— PROBLEM TO WORK ON —
From the listing below, copy only the lines running from the line that contains "Karlovy Vary Jelení" to the line that contains "Talbots Cardigan Sweater", both included.

— DATA TO PROCESS —
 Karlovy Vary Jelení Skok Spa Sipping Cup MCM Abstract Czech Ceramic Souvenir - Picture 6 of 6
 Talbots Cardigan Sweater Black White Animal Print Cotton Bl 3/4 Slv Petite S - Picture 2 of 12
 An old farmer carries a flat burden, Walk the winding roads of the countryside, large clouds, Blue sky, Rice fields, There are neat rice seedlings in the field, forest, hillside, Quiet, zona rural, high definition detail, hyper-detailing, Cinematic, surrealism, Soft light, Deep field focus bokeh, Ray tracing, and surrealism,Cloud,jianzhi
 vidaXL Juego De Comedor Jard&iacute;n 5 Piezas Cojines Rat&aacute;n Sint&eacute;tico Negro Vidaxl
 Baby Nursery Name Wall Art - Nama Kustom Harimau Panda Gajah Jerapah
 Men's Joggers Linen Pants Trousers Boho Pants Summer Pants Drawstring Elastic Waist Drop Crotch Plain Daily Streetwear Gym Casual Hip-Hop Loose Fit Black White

* * *

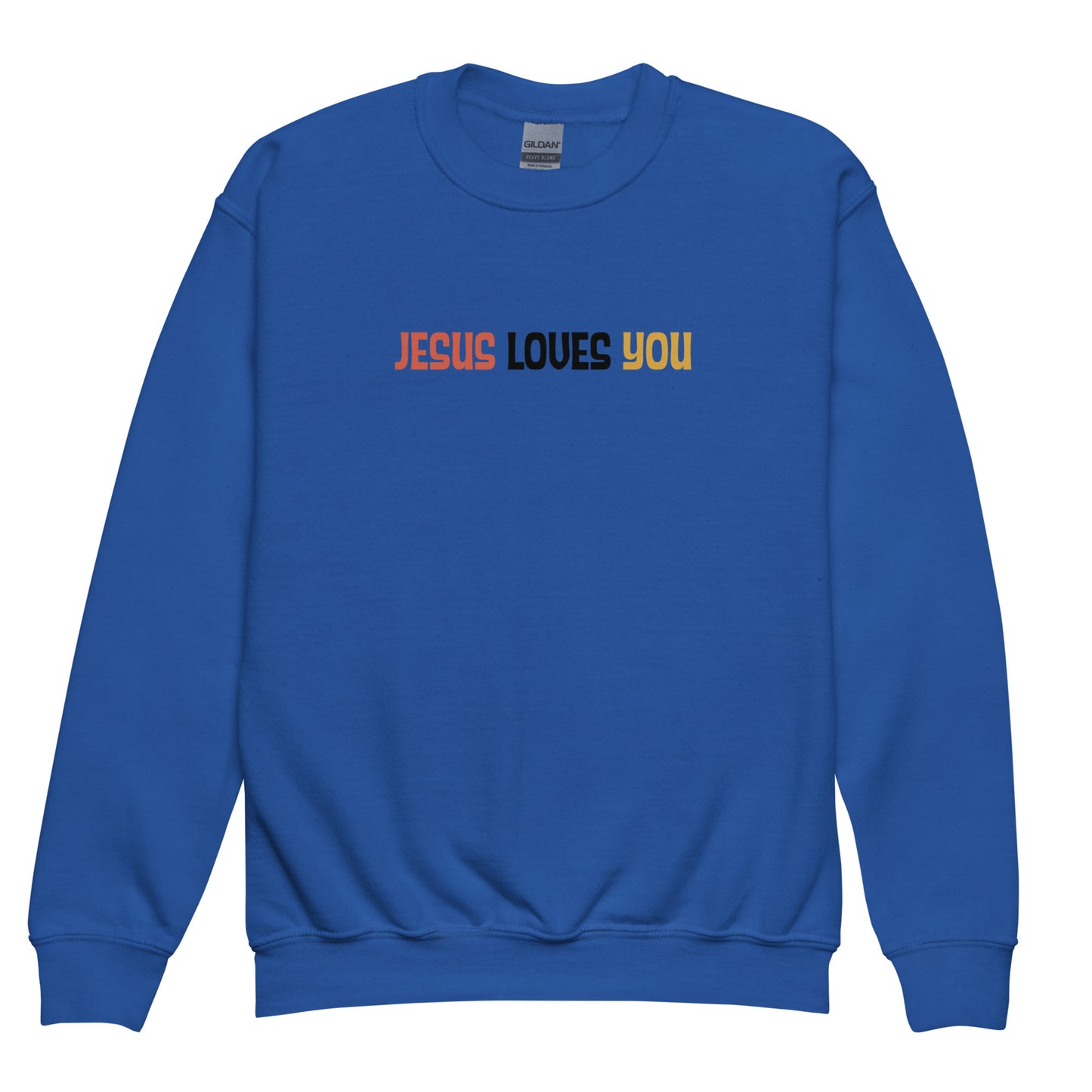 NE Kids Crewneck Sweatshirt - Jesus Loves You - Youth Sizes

— TASK RESULT —
 Karlovy Vary Jelení Skok Spa Sipping Cup MCM Abstract Czech Ceramic Souvenir - Picture 6 of 6
 Talbots Cardigan Sweater Black White Animal Print Cotton Bl 3/4 Slv Petite S - Picture 2 of 12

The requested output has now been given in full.